Metastatic disease to the heart and pericardium occurs at a frequency much greater than that of primary tumors.3339 In a review of more than 12,000 autopsies in Hong Kong, Lam et al.37 noted that cardiac metastases were over 20 times more common than primary tumors and may be present in up to 20% of patients dying of disease. The majority of cases have involvement of the pericardium, whereas myocardial involvement is uncommon. In a review of autopsy series of patients with a known malignancy, Hanfling35 noted the rate of reported cardiac involvement increased steadily from 1.5% in the late 1800 s to 18.3% in 1960. Contemporary series indicate the rate of cardiac metastases in patients dying of cancer may be as high as 20%.7,3538,40,41


The sites of origin of cardiac metastases from solid tumors are summarized in Table 54.2. Lung cancer is the most common cause of cardiac metastases and accounts for nearly one-half of all cases.

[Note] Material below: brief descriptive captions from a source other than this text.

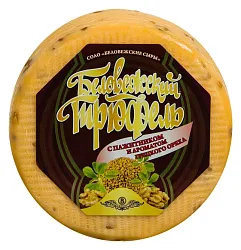 Сыр БЕЛОВЕЖСКИЙ ТРЮФЕЛЬ с пажитником и грецким орехом бзмж 45%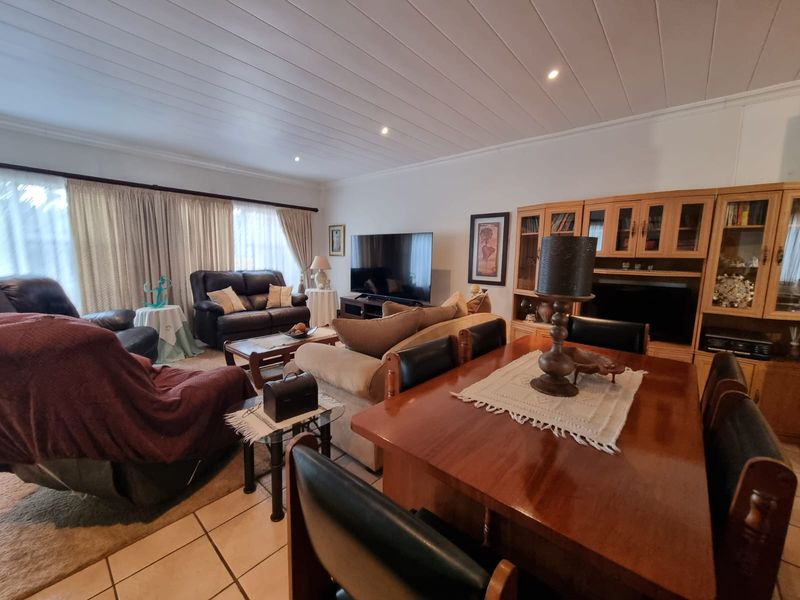 Spacious open-plan living and dining area featuring tiled flooring, recessed lighting, and built-in wooden cabinetry, offering a functional and comfortable layout.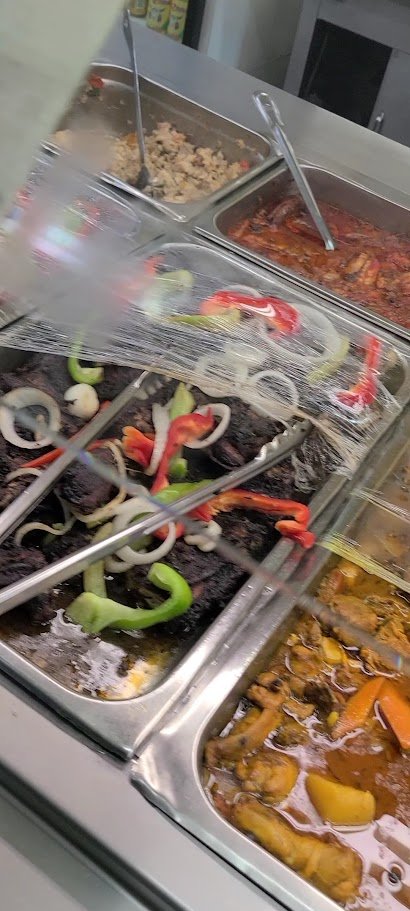 Caribbean restaurant counter with buffet-style dishes.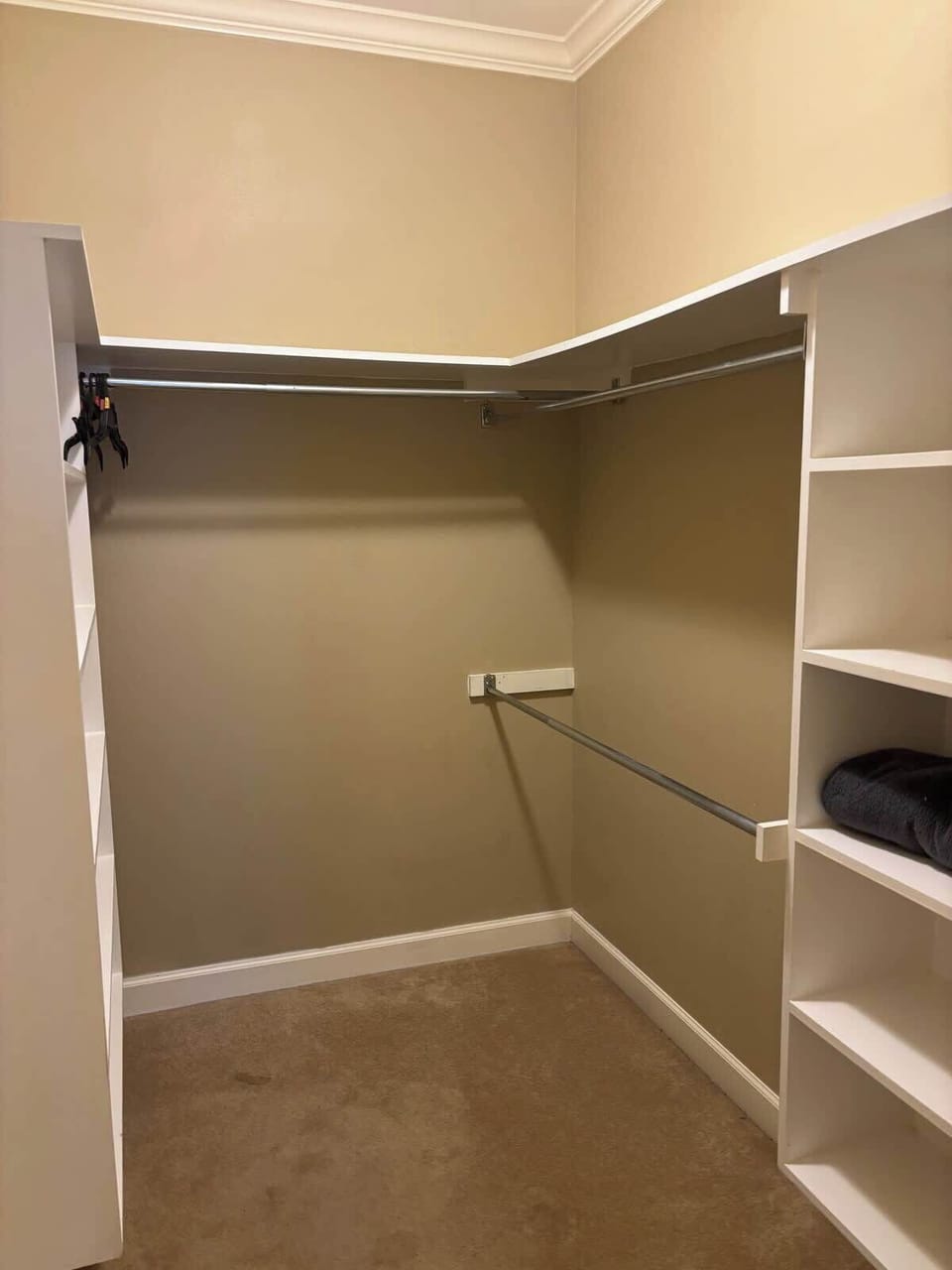 Walk-in closet in master bath area in master bedroom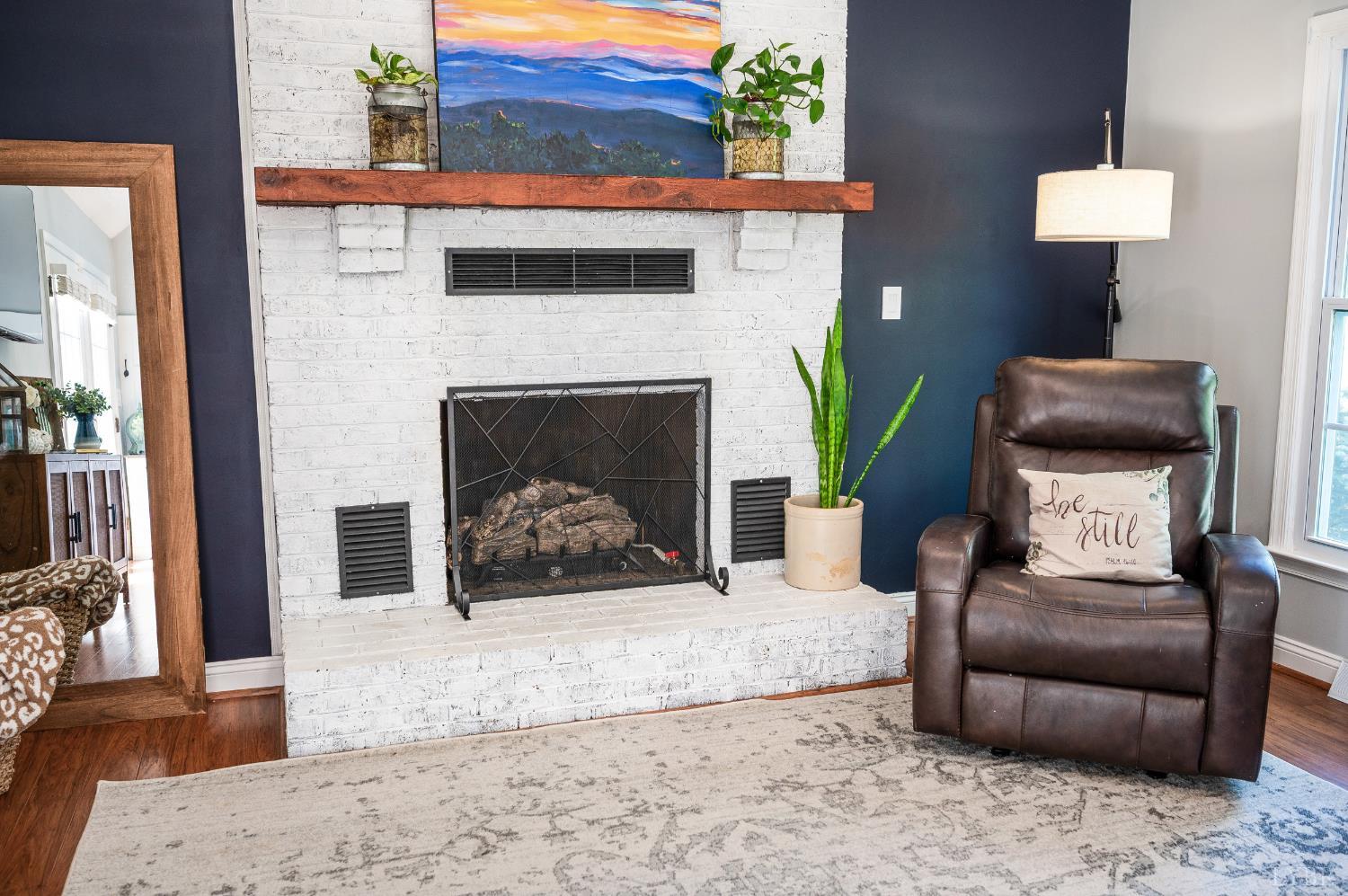 1199 Great Oak Road Forest, VA 24551 - Photo 29 of 85 a living room with furniture and a fireplace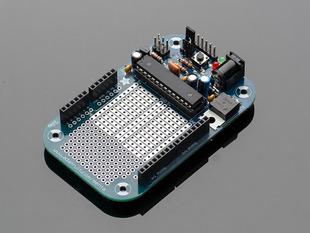 Angled shot of a Adafruit MENTA - Mint Tin Arduino Compatible Kit.
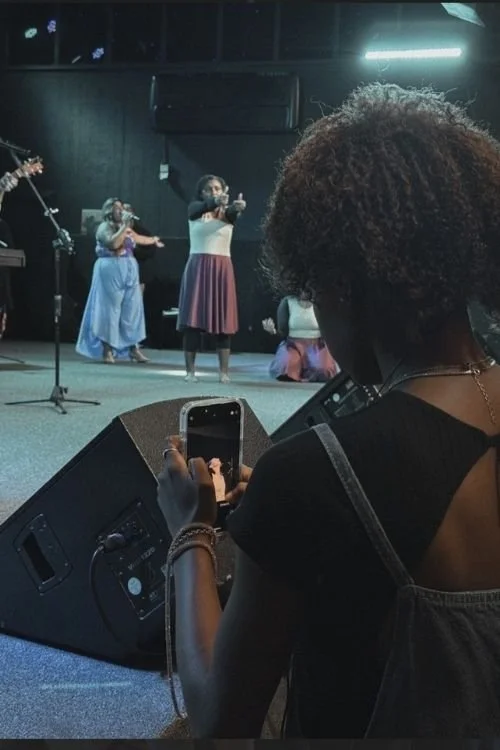 Silhouettes of a man and woman on stage with blue lighting; woman holding a microphone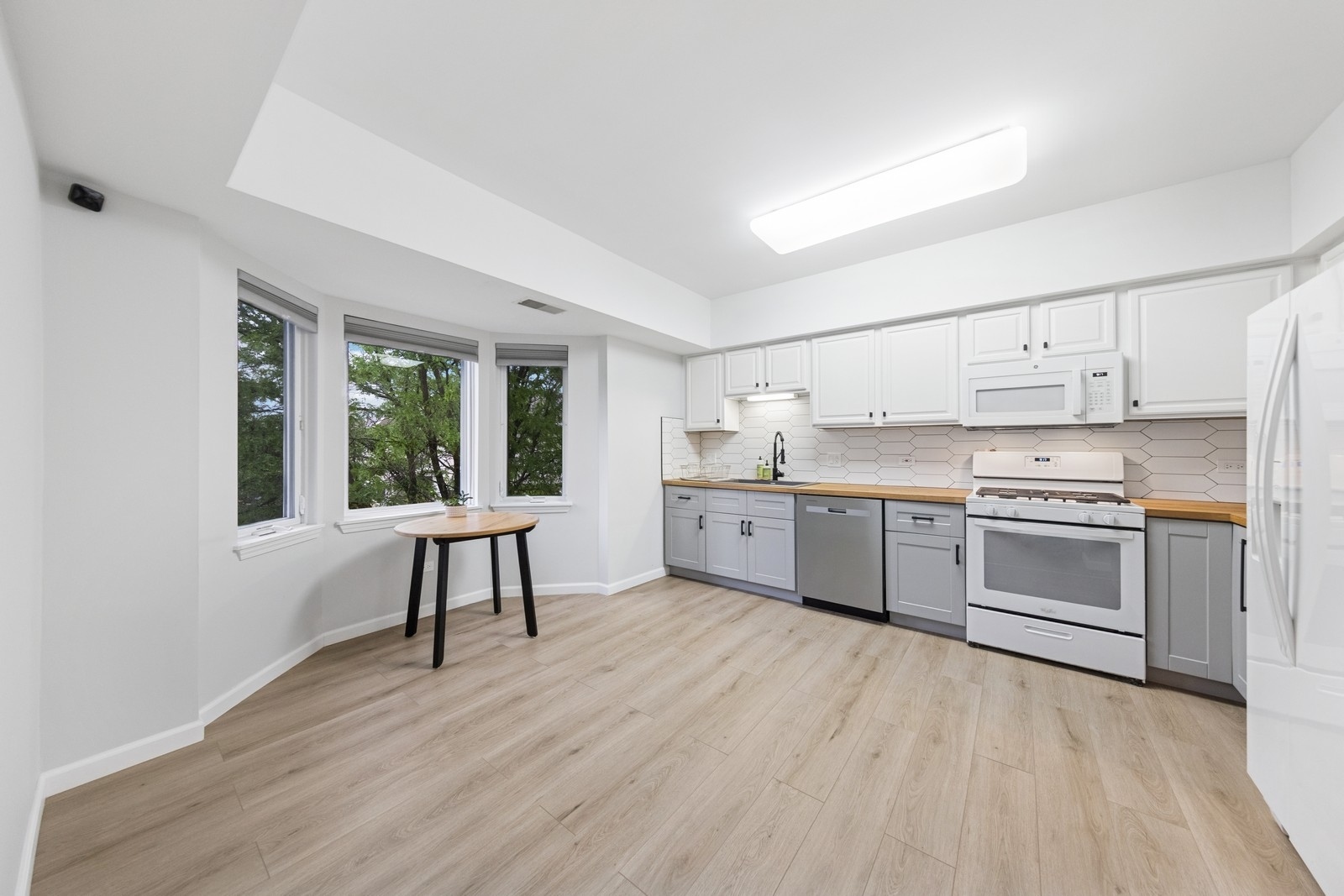 943 Elderberry Circle, Unit 303 Naperville, IL 60563 - Photo 7 of 19 a kitchen with a white stove top oven and cabinets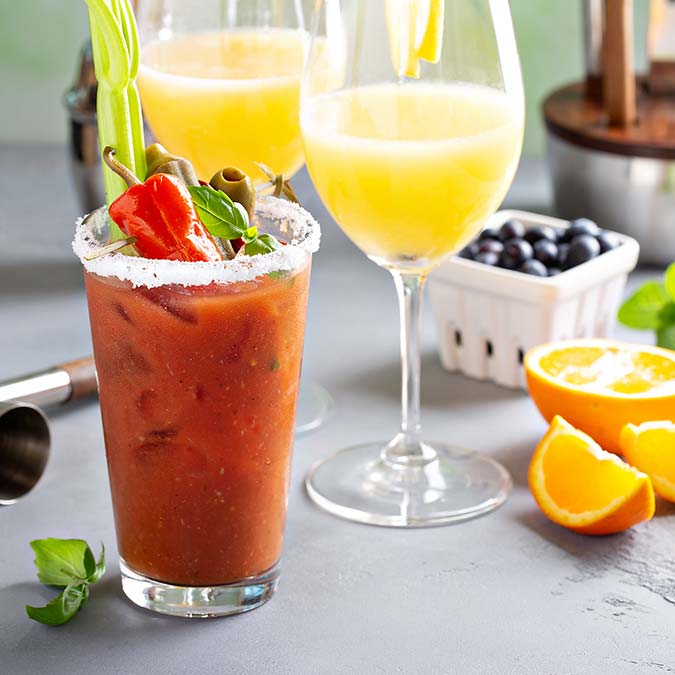 Bloody Mary and mimosa cocktails at E.J.'s Diner Wausau, garnished with orange and blueberries.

Upper gastrointestinal malignancies and breast cancer are also common causes of cardiac metastases, accounting for one-fourth of all cases. The remaining one-fourth of cases arise from a wide variety of other malignancies.3338 Melanoma is purported to have the highest propensity for metastatic spread to the heart and tends to involve the endocardium or myocardium, with some series showing its incidence of cardiac metastases rivaling or exceeding that of lung cancers.2,41 Cardiac metastases may also originate from lymphoma or leukemia. In 1960, Hanfling35 reported that the proportion of cardiac metastases arising from these malignancies rivals that arising from solid tumors. However, multiple medical advances in both chemotherapy and diagnosis have occurred since then, and modern series consistently report that these histologies account for approximately 17% of cardiac metastases.33,34,36,37


Tumors of the GV are extremely rare. The literature on these consists mainly of case reports, and approximately 130 cases have been documented. As a whole, tumors of the GV are about as common as primary malignant pericardial mesothelioma. The largest series has been reported by Burke and Virmani.42 They evaluated 45 tumors on the files of the Armed Forces Institute of Pathology and found that all of the tumors were sarcomas, including intimal (undifferentiated) sarcoma, angiosarcoma, leiomyosarcoma, and synovial sarcoma. There appeared to be no sex predilection for tumors of the aorta or pulmonary artery, although the female-to-male ratio was 3 to 1 among patients with tumors of the IVC.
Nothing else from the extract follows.